Pour cela, les scientifiques disposent à chaque fois près d’une cinquantaine d’électrodes sur une zone d’un demi-hectare environ. Plus les électrodes sont éloignées les unes des autres, plus le courant pénètre dans des couches profondes.

Le modèle de calcul ne cesse d’être affiné, notamment en comparant avec des données obtenues par d’autres méthodes. Depuis deux décennies, le réseau suisse d’observation du permafrost Permos mesure les températures de surface et dans des trous de forage en de nombreux endroits des Alpes.

Perte de 15% du permafrost

Dans une étude publiée récemment, la doctorante Sarah Morard a examiné toutes les données disponibles sur le pergélisol sur le versant du Stockhorn situé au-dessus de Zermatt (VS). Dans les forages, les températures ont augmenté d’approximativement un degré au cours des vingt dernières années et le point de congélation se situe maintenant plusieurs mètres plus bas dans le sous-sol.

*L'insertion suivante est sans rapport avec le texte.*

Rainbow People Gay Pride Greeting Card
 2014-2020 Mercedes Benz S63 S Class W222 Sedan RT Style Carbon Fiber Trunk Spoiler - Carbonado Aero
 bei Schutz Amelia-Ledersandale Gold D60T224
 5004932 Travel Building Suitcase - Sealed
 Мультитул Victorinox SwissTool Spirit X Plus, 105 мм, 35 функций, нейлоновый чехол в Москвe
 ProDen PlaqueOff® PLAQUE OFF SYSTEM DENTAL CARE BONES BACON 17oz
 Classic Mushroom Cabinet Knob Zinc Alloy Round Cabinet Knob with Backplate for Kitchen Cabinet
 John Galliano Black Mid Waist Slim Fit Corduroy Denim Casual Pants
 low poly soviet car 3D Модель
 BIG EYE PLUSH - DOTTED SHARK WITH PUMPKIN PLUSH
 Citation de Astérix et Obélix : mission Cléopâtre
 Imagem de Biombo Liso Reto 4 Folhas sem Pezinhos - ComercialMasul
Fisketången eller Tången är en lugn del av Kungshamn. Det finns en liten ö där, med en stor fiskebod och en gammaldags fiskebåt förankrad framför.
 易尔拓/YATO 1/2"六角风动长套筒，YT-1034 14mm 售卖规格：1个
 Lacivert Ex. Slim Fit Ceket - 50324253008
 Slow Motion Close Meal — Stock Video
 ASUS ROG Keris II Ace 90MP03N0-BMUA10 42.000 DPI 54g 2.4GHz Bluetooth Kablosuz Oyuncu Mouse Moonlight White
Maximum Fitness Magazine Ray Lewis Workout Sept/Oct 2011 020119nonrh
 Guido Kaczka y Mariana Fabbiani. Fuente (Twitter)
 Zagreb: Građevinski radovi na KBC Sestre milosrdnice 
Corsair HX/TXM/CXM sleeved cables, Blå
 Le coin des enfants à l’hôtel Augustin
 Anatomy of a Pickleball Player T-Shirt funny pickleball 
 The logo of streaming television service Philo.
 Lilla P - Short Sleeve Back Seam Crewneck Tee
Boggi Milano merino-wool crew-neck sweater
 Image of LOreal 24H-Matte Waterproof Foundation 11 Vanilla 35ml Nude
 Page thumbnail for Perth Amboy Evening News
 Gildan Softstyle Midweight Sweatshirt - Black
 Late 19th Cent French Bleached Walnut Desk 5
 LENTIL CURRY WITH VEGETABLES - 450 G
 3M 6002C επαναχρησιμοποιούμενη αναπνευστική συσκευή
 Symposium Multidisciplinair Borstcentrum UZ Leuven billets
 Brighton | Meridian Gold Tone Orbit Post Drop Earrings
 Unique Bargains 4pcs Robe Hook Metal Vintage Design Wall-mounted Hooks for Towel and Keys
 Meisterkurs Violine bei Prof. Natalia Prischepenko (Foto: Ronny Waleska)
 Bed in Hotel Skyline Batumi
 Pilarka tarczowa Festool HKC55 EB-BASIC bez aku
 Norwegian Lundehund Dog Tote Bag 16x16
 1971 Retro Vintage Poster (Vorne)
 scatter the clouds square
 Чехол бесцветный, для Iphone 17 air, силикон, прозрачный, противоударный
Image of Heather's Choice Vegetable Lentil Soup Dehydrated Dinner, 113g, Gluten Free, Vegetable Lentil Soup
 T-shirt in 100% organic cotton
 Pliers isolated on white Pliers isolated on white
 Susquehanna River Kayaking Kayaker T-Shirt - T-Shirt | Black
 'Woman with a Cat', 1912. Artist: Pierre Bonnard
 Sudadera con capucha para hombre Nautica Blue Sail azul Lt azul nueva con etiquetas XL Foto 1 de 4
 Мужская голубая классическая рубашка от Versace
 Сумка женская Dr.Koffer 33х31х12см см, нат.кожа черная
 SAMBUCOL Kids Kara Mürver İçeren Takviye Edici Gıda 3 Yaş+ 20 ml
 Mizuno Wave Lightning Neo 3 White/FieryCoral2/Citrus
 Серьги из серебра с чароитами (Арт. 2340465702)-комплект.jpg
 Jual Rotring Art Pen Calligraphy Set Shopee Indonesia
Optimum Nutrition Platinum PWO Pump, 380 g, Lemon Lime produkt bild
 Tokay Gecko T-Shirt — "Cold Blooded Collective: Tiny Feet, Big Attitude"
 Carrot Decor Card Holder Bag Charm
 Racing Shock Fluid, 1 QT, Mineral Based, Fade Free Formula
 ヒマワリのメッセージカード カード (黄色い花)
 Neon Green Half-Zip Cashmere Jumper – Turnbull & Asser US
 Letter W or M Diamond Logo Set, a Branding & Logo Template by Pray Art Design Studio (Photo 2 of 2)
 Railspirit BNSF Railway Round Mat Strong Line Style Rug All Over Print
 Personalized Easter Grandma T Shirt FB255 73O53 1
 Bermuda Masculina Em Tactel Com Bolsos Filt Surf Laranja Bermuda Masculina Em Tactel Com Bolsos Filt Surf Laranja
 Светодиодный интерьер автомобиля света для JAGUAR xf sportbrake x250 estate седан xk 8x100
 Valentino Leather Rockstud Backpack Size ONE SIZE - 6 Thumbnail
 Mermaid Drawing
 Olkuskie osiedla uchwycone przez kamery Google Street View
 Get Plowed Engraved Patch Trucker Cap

Les mesures de résistivité ont permis pour la première fois de quantifier les pertes de permafrost: entre 2015 et 2022, environ 15% de la glace a disparu.

Dans une autre étude, Christian Hauck et sa collègue Christin Hilbich ont analysé des données provenant de mesures de résistivité dans l’ensemble de l’Europe, démontrant ainsi qu’un seul été caniculaire - comme en 2003, 2015 et 2022 - peut conduire à une perte irrémédiable de pergélisol en montagne. Même s’il est suivi par un hiver froid, cela ne suffit pas à compenser la perte.

"Il faut vraiment des conditions très particulières pour que le permafrost puisse se reconstituer", dit Christian Hauck. Il faut par exemple qu’il pleuve précisément à un moment où il fait très froid pour que de la glace puisse se former avant que l’eau ne s’écoule dans la vallée. Les données de résistivité permettent désormais d’identifier de tels processus passés et également de faire des prévisions pour l’avenir.

Points de basculement

Le chercheur estime qu’en de nombreux endroits, le pergélisol alpin a déjà atteint le point de basculement ou est en passe de le faire. Ce qui signifie qu’à partir de ce point la disparition du permafrost s’accélère d’elle-même et ne peut plus être arrêtée sans changement significatif du climat.

Suivant les conditions géologiques, cela pourrait donc entraîner davantage de chutes de pierres ou de glissements de terrain. C’est pourquoi il est d’autant plus important d’établir des méthodes pour prédire le plus tôt possible et de manière fiable ces points de basculement, relève Christian Hauck. Les deux études sont publiées dans la revue Environmental Research Letters.